While it's dangerous to believe that any rally will continue indefinitely, investors were surely getting that impression with cryptocurrencies this week. So many notched double-digit percentage gains, it was almost as if anyone could put on a blindfold, point to a name, and grab a sharply appreciating asset.

A great many altcoins would have done the job. According to data compiled by S&P Global Market Intelligence, for example, BNB (BNB -2.31%) booked a weekly gain of 10%, while Hedera (HBAR -5.20%) edged past it with a 11% rise. Not to be outdone, VeChain (VET -2.01%) zoomed nearly 20% higher and Internet Computer (ICP -3.83%) defied gravity at an almost 30% clip.

No roadblocks on this rally

The rally continues to thunder along largely because there's nothing stopping it. Much of this has to do with macroeconomic factors, chiefly dwindling inflation and the prospect it opens for interest rate cuts.

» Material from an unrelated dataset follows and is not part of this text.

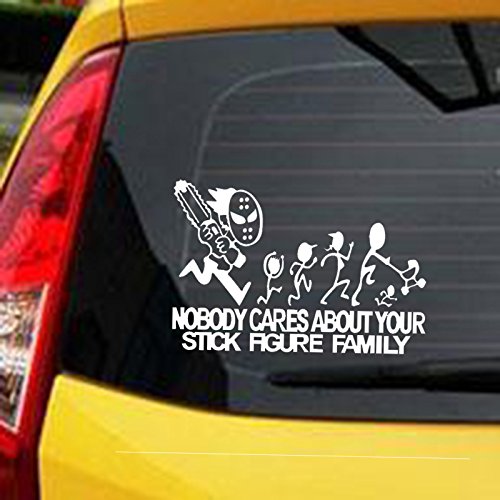 Aiwall C-008 Chainsaw Decal Nobody Cares About Your Stick Figure Family Funny Vinyl Sticker 8"x5"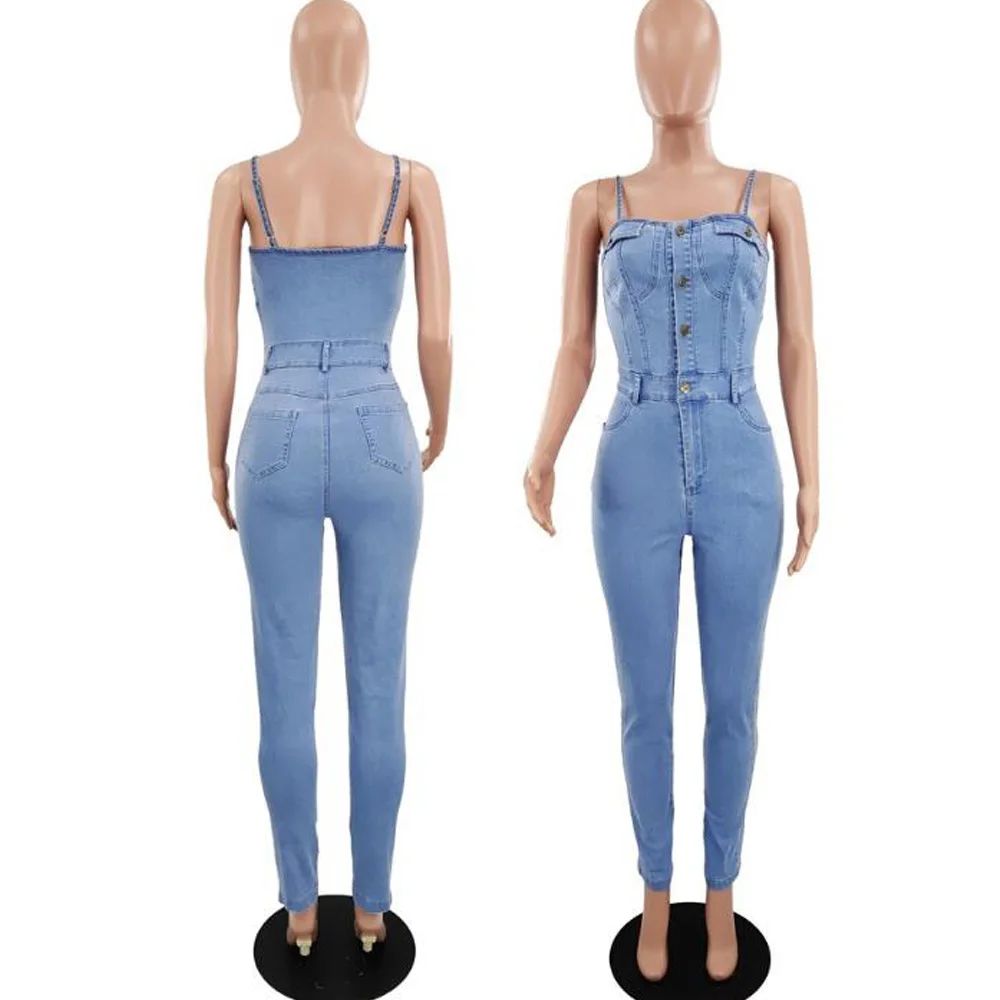 Plus Size Denim Jumpsuit Women Overalls Single-Breasted Buttons Rompers Party Clubwear Sexy Bodycon Jumpsuits Jeans Pants |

Inflation seems to be cooling around the globe. On Wednesday, the U.K.'s office for National Statistics revealed in its latest data dump that the country's increase in consumer prices, a leading inflation indicator, rose by 3.9% on an annual basis in November. That might sound chunky to American inflation hawks, but it actually represented quite a fall from the previous month's 4.6% increase.

Meanwhile, on our shores, Federal Reserve officials are now openly discussing the "how much" and "when" of cuts to the regulator's key interest rate. This discussion would have been nearly unthinkable even six months ago, when inflation was notably more stubborn than today.

All this plays beautifully into the hands of risk-taking investors. Yes, many altcoins have practical uses. Internet Computer, for example, laces together data centers so they can connect, disseminate, and share information without the need for a central machine. However, few if any have proved to be the anchors of blockchain systems that can produce strong and steady profits.

An easier way to invest in cryptos

That increased taste for risk is mirrored by the outperformance of many volatile equities. Some, like cryptocurrencies of late, have motored well higher than their "safer" and steadier peers. All in all, the market as a whole is more willing these days to speculate on jumpier assets.

Another factor worth mentioning hasn't yet materialized -- regulatory approval for spot cryptocurrency exchange-traded funds (ETFs). These would allow investors to put their money almost directly into choice coins and tokens in one fell swoop, rather than go through the many motions of buying cryptos outright.

Spot crypto ETFs are like ultra-low inflation numbers, in that they are still in the "hoping and wishing" stage. Many altcoin investors, though, believe both will become reality very soon.